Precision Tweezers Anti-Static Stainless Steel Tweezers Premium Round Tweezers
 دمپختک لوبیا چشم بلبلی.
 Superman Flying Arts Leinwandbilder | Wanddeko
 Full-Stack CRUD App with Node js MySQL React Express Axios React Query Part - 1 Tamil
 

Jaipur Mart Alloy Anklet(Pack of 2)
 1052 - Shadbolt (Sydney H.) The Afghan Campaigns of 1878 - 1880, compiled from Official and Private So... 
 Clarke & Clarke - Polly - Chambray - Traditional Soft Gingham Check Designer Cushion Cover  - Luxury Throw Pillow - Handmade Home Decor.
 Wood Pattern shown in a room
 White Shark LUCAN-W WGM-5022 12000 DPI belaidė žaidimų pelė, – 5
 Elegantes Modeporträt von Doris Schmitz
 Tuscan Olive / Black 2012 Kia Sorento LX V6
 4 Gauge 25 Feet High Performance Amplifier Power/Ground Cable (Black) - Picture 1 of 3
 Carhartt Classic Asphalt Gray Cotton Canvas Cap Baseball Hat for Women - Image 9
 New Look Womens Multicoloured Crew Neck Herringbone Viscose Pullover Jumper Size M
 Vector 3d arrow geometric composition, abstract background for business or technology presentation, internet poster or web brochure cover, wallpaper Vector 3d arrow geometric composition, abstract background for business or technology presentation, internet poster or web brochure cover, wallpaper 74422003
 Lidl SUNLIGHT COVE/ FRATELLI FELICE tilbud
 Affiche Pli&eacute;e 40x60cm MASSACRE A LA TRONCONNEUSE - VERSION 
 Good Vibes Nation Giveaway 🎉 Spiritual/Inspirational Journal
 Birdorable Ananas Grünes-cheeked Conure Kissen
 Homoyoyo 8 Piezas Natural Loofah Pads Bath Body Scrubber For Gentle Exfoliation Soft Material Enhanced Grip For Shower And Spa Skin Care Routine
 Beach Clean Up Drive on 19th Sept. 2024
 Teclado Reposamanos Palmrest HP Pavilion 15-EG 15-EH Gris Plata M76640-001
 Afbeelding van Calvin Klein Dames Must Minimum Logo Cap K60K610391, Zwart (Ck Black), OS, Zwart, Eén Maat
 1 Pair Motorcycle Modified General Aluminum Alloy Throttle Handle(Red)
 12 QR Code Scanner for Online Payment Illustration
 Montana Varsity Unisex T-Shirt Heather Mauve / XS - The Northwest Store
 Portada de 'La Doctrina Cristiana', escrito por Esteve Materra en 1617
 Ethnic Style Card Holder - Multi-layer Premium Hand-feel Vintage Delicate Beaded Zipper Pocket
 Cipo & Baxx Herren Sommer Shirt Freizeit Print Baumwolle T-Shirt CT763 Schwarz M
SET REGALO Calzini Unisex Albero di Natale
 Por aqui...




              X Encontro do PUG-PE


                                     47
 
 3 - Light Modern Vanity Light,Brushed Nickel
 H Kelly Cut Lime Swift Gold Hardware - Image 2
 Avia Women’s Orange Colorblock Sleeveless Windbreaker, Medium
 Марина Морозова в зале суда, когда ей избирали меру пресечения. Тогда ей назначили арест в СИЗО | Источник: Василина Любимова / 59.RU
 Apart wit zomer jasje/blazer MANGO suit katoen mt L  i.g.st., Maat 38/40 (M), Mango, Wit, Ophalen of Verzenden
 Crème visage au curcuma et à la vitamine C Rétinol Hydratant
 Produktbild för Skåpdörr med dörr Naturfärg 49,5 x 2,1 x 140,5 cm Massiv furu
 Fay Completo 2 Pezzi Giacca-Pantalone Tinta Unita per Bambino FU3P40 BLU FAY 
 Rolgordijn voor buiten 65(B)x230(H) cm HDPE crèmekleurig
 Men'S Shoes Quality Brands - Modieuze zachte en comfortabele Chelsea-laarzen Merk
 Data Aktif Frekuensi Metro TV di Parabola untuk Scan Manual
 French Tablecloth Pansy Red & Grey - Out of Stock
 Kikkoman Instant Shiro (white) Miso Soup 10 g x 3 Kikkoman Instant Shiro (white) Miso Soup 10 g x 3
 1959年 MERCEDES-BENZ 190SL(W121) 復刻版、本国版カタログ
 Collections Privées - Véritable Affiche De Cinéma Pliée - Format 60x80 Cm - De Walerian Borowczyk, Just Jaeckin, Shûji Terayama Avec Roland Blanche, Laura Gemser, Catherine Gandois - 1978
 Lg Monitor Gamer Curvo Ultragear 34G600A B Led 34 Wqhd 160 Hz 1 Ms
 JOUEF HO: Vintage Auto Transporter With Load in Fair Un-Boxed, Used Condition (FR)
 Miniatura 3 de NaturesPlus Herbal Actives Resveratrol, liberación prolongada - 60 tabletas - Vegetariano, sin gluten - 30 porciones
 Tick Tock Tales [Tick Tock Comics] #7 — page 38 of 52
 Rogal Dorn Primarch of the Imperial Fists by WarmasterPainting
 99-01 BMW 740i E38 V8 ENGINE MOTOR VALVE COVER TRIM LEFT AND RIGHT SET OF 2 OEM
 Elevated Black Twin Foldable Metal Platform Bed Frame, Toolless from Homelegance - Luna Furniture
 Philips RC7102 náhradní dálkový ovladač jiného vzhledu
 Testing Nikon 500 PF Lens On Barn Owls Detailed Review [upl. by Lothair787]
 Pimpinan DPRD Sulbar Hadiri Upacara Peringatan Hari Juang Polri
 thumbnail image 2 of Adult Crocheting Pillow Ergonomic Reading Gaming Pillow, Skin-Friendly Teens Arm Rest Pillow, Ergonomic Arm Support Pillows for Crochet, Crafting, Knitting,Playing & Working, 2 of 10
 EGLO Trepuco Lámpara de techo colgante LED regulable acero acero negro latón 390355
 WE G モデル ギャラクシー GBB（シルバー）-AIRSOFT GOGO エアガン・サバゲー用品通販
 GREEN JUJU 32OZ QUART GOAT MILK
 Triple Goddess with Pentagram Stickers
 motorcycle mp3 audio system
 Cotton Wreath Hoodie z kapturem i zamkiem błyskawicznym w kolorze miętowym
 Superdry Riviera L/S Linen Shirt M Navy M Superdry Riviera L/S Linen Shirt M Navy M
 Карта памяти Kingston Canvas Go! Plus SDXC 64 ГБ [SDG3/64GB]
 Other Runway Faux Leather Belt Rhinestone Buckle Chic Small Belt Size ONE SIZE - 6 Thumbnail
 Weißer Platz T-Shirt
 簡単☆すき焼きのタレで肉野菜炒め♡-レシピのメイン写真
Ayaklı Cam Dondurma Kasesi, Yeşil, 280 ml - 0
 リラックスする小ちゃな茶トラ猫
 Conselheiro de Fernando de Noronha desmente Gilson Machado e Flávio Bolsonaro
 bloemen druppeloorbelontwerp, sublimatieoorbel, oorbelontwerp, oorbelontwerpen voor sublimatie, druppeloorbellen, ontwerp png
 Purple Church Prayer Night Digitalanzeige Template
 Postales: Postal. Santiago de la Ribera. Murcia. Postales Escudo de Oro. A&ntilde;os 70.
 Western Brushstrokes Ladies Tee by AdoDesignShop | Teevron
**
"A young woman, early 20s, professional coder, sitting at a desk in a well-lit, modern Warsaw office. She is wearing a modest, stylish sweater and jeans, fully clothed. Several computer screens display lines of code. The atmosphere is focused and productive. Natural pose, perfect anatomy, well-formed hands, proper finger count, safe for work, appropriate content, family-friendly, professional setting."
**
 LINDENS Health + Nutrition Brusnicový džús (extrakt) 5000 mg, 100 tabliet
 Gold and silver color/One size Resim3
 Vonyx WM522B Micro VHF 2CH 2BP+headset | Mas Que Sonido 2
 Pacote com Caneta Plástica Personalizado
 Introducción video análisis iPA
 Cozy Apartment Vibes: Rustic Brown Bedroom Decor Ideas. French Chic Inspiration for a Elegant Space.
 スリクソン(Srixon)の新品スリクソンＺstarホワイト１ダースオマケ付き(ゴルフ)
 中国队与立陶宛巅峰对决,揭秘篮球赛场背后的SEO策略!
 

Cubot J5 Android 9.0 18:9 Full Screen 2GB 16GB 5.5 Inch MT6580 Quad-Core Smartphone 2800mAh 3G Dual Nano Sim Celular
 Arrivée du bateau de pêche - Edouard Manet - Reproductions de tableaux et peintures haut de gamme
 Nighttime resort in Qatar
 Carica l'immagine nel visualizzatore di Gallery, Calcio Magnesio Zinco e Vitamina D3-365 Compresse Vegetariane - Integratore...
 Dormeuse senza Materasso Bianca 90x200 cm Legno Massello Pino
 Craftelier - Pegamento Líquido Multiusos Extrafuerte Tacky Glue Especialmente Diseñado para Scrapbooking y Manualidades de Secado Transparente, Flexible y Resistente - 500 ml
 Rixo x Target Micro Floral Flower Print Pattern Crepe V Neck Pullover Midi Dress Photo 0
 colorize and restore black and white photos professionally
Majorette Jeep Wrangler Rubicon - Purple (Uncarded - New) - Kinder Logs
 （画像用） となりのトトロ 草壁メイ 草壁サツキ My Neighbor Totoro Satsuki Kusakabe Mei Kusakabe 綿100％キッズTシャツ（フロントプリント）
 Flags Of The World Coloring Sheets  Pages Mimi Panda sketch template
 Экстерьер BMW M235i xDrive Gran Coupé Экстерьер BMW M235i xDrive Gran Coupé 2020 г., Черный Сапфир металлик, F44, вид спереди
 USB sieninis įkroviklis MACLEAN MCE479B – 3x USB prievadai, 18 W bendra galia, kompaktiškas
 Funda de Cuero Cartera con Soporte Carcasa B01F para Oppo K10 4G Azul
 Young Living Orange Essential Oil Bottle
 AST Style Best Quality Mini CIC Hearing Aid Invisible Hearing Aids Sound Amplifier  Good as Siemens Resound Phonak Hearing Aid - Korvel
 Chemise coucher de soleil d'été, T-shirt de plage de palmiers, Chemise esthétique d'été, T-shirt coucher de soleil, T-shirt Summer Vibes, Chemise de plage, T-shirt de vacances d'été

[PROBLEM STATEMENT]:
Print exactly, and only, the lines beginning at the top of the listing and ending at the line with "1052 - Shadbolt".

[SOLUTION TO THE PROBLEM]:
Precision Tweezers Anti-Static Stainless Steel Tweezers Premium Round Tweezers
 دمپختک لوبیا چشم بلبلی.
 Superman Flying Arts Leinwandbilder | Wanddeko
 Full-Stack CRUD App with Node js MySQL React Express Axios React Query Part - 1 Tamil
 

Jaipur Mart Alloy Anklet(Pack of 2)
 1052 - Shadbolt (Sydney H.) The Afghan Campaigns of 1878 - 1880, compiled from Official and Private So... 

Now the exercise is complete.